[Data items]
========================================

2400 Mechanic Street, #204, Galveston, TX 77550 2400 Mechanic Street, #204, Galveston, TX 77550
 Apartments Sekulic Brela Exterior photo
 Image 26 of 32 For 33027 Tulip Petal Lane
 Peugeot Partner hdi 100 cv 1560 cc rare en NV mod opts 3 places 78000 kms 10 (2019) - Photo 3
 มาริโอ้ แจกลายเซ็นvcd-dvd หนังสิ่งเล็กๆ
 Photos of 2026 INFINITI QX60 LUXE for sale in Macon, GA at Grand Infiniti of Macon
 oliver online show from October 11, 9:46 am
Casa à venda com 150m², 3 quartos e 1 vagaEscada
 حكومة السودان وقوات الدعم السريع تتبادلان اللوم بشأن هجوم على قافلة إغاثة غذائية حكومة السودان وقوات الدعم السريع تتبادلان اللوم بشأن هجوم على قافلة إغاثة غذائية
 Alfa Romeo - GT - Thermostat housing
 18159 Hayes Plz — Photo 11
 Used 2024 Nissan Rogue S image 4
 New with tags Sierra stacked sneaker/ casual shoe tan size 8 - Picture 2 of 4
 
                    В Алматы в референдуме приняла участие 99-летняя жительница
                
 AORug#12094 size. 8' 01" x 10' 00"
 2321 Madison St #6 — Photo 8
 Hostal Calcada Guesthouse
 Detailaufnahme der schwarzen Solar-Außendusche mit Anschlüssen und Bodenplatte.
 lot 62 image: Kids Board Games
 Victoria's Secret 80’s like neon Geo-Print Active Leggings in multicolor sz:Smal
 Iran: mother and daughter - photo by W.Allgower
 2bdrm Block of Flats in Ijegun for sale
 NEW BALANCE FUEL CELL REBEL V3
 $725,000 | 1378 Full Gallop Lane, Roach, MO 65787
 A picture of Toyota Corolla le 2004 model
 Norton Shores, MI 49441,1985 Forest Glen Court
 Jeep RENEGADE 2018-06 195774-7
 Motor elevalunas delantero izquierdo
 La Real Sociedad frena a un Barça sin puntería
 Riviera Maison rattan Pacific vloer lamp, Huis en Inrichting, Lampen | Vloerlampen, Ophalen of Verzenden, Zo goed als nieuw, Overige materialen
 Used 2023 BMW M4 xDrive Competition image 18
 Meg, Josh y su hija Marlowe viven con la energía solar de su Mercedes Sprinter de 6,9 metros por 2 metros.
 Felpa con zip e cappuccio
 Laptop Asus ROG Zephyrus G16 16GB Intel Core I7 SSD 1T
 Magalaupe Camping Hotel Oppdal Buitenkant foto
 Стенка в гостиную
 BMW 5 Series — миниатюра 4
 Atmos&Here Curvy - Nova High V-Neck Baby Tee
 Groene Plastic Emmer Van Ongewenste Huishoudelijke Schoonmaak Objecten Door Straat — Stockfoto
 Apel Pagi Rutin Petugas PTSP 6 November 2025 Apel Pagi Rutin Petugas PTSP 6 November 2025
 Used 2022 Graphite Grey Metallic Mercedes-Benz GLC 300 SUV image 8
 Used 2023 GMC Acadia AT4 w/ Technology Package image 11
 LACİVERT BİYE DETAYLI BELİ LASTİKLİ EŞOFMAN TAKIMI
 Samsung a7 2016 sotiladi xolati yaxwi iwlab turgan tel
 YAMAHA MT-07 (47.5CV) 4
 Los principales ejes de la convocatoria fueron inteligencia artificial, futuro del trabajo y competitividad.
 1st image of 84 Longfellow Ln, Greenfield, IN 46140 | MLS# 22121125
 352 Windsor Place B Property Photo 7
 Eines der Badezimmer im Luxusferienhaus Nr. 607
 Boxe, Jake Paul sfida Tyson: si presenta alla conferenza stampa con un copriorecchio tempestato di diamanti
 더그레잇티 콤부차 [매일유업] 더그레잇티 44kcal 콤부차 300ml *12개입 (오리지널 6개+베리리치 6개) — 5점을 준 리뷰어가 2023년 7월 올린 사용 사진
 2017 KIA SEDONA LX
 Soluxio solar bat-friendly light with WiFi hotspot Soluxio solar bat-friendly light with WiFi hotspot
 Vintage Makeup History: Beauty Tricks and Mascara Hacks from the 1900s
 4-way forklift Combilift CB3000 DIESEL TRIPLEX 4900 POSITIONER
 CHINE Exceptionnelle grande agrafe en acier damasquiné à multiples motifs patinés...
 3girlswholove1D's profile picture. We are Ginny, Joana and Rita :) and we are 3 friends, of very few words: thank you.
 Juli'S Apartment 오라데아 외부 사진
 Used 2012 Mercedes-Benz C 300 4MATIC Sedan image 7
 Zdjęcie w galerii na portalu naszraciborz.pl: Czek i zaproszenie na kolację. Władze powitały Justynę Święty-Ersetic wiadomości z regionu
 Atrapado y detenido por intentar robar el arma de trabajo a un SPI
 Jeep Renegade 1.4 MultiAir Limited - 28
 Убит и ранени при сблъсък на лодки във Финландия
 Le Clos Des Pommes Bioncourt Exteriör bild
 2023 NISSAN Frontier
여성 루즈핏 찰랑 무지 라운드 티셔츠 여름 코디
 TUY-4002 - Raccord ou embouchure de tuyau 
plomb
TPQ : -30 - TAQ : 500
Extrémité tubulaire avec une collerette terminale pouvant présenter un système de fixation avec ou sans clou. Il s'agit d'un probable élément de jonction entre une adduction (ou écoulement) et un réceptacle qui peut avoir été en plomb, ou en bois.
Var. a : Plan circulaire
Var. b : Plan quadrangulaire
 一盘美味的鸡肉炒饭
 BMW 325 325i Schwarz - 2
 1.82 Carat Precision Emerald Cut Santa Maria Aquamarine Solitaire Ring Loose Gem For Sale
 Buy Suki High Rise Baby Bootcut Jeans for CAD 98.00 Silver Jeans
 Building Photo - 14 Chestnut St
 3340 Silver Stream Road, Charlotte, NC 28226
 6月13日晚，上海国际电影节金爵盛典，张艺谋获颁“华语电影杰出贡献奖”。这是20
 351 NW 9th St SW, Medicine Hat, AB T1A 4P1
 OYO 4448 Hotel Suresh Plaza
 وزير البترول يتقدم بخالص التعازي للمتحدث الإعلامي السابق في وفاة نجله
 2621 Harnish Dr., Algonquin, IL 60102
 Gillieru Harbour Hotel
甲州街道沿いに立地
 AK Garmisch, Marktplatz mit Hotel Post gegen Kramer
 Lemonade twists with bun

========================================

*Task brief*: In the data above, retype exactly and only the lines between the one holding "Los principales ejes" and the one holding "3340 Silver Stream Road, Charlotte, NC 28226", inclusive.

*Response to the task*:
 Los principales ejes de la convocatoria fueron inteligencia artificial, futuro del trabajo y competitividad.
 1st image of 84 Longfellow Ln, Greenfield, IN 46140 | MLS# 22121125
 352 Windsor Place B Property Photo 7
 Eines der Badezimmer im Luxusferienhaus Nr. 607
 Boxe, Jake Paul sfida Tyson: si presenta alla conferenza stampa con un copriorecchio tempestato di diamanti
 더그레잇티 콤부차 [매일유업] 더그레잇티 44kcal 콤부차 300ml *12개입 (오리지널 6개+베리리치 6개) — 5점을 준 리뷰어가 2023년 7월 올린 사용 사진
 2017 KIA SEDONA LX
 Soluxio solar bat-friendly light with WiFi hotspot Soluxio solar bat-friendly light with WiFi hotspot
 Vintage Makeup History: Beauty Tricks and Mascara Hacks from the 1900s
 4-way forklift Combilift CB3000 DIESEL TRIPLEX 4900 POSITIONER
 CHINE Exceptionnelle grande agrafe en acier damasquiné à multiples motifs patinés...
 3girlswholove1D's profile picture. We are Ginny, Joana and Rita :) and we are 3 friends, of very few words: thank you.
 Juli'S Apartment 오라데아 외부 사진
 Used 2012 Mercedes-Benz C 300 4MATIC Sedan image 7
 Zdjęcie w galerii na portalu naszraciborz.pl: Czek i zaproszenie na kolację. Władze powitały Justynę Święty-Ersetic wiadomości z regionu
 Atrapado y detenido por intentar robar el arma de trabajo a un SPI
 Jeep Renegade 1.4 MultiAir Limited - 28
 Убит и ранени при сблъсък на лодки във Финландия
 Le Clos Des Pommes Bioncourt Exteriör bild
 2023 NISSAN Frontier
여성 루즈핏 찰랑 무지 라운드 티셔츠 여름 코디
 TUY-4002 - Raccord ou embouchure de tuyau 
plomb
TPQ : -30 - TAQ : 500
Extrémité tubulaire avec une collerette terminale pouvant présenter un système de fixation avec ou sans clou. Il s'agit d'un probable élément de jonction entre une adduction (ou écoulement) et un réceptacle qui peut avoir été en plomb, ou en bois.
Var. a : Plan circulaire
Var. b : Plan quadrangulaire
 一盘美味的鸡肉炒饭
 BMW 325 325i Schwarz - 2
 1.82 Carat Precision Emerald Cut Santa Maria Aquamarine Solitaire Ring Loose Gem For Sale
 Buy Suki High Rise Baby Bootcut Jeans for CAD 98.00 Silver Jeans
 Building Photo - 14 Chestnut St
 3340 Silver Stream Road, Charlotte, NC 28226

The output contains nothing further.